Micrologies

Ingres : Jupiter et Thétis


Ce tableau imposant conservé au musée Granet, à Aix, montre, sur le fond d’un ciel bleu profond, le dieu assis majestueusement sur son trône, torse nu et corps drapé de rose, le sceptre à la main et l’aigle à ses côtés. Agenouillée devant lui, la déesse Thétis, mère d’Achille , le haut du corps dénudé, lui touche le genou et le menton dans un geste de supplication.

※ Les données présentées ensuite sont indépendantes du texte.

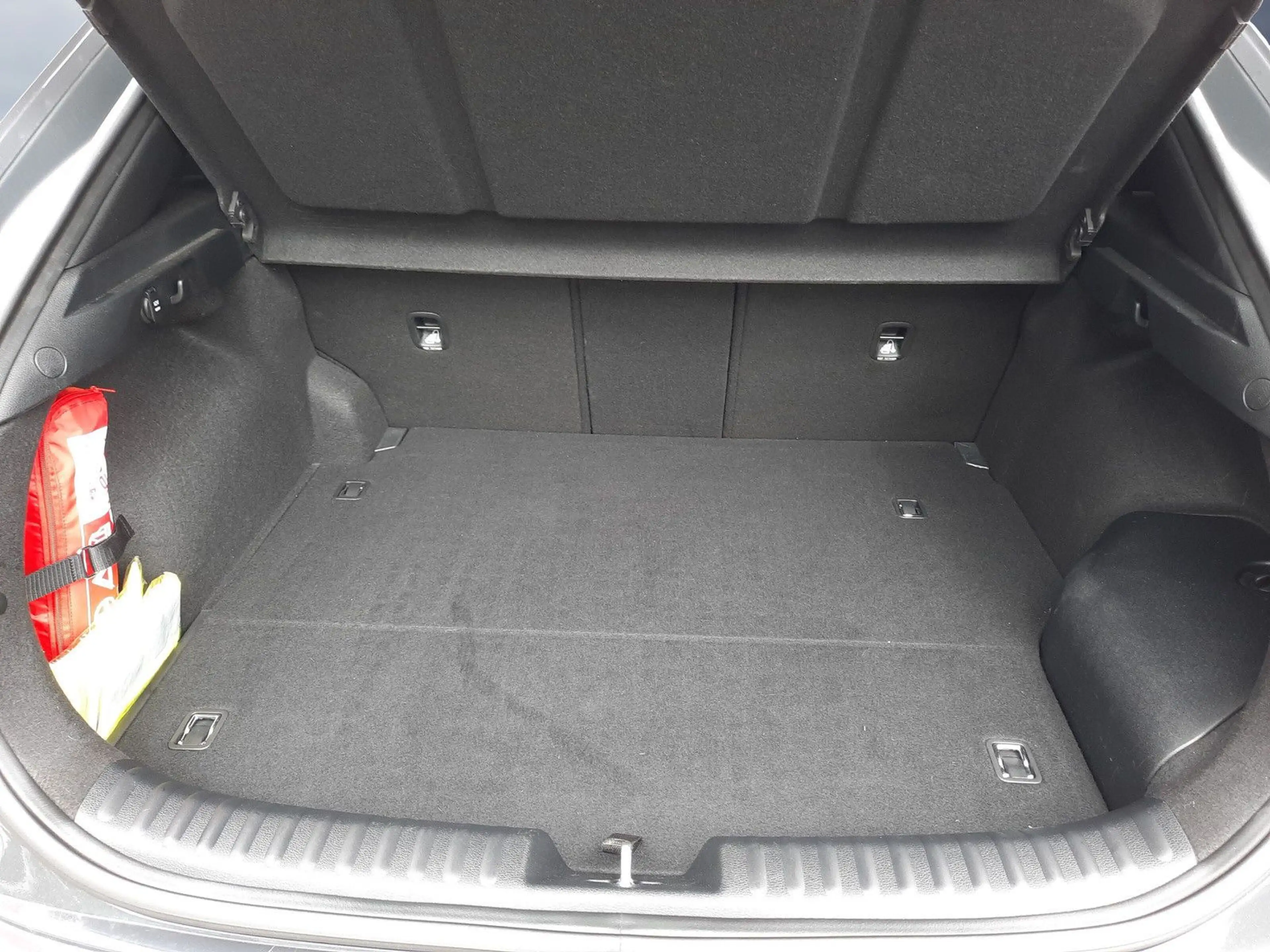Kia XCeed 1,6 PHEV Platinum Navi AHK — photo 9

Jean-Dominique Ingres, Jupiter et Thétis, 1811.
Source : Wikicommons.

Cette œuvre est analysée par Roberto Calasso dans son grand livre sur Baudelaire (1). Il montre comment le tableau contredit par sa facture l’esthétique classique pourtant affichée par Ingres : violence du ciel indigo, érotisme de la figure de Thétis dont le sein repose sur la cuisse du dieu et dont l’orteil effleure le sien, regards intenses portés sur la scène par l’aigle et par Junon qui se montre sur la gauche.

Calasso enrichit aussi son étude du tableau par la référence au mythe. Cette œuvre est inspirée par un très court passage de l'Iliade (I, v. 500-502) où Thétis implore Zeus en faveur de son fils Achille :

καί ῥα πάροιθ᾿ αὐτοῖο καθέζετο, καὶ λάϐε γούνων
σκαιῇ, δεξιτερῇ δ᾿ ἄρ᾿ ὑπ᾿ ἀνθερεῶνος ἑλοῦσα
λισσομένη προσέειπε Δία Κρονίωνα ἄνακτα.

Elle s’accroupit à ses pieds, de sa gauche saisit ses genoux, de sa droite le prend au menton, et, suppliante, parle ainsi à sire Zeus, fils de Cronos (trad. P. Mazon).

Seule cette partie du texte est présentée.